Magnetic tweezers study to monitor RepC niking and PcrA unwinding at the single-molecule level. First, a torsionally-constrained DNA molecule is supercoiled. Then, a RepC dimer binds and nicks the molecule; DNA extension increases. Finally, PcrA helicase unwinds the DNA and the extension decreases.
Carrasco C, Pastrana CL, Aicart-Ramos C, Leuba SH, Khan SA, Moreno-Herrero F.

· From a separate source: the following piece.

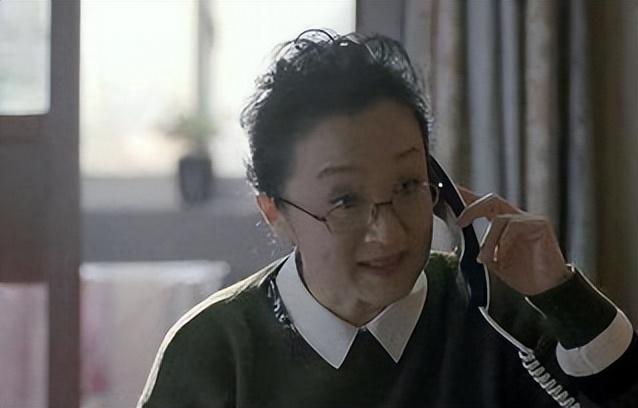回顾杨昆:别墅被拍卖,退休金2500,59岁无儿无女为夫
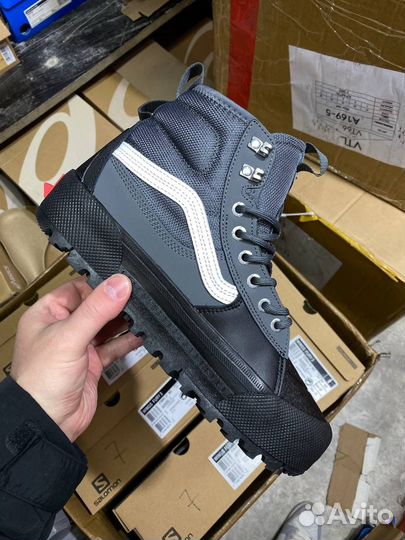 Зимние кроссовки Vans Gore Tex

Nucleic Acids Res2020 Feb; 48: 2013.
The rolling-circle replication is the most common mechanism for the replication of small plasmids carrying antibiotic resistance genes in Gram-positive bacteria. It is initiated by the binding and nicking of double-stranded origin of replication by a replication initiator protein (Rep). Duplex unwinding is then performed by the PcrA helicase, whose processivity is critically promoted by its interaction with Rep. How Rep and PcrA proteins interact to nick and unwind the duplex is not fully understood. Here, we have used magnetic tweezers to monitor PcrA helicase unwinding and its relationship with the nicking activity of Staphylococcus aureus plasmid pT181 initiator RepC. Our results indicate that PcrA is a highly processive helicase prone to stochastic pausing, resulting in average translocation rates of 30 bp s-1, while a typical velocity of 50 bp s-1 is found in the absence of pausing. Single-strand DNA binding protein did not affect PcrA translocation velocity but slightly increased its processivity. Analysis of the degree of DNA supercoiling required for RepC nicking, and the time between RepC nicking and DNA unwinding, suggests that RepC and PcrA form a protein complex on the DNA binding site before nicking. A comprehensive model that rationalizes these findings is presented.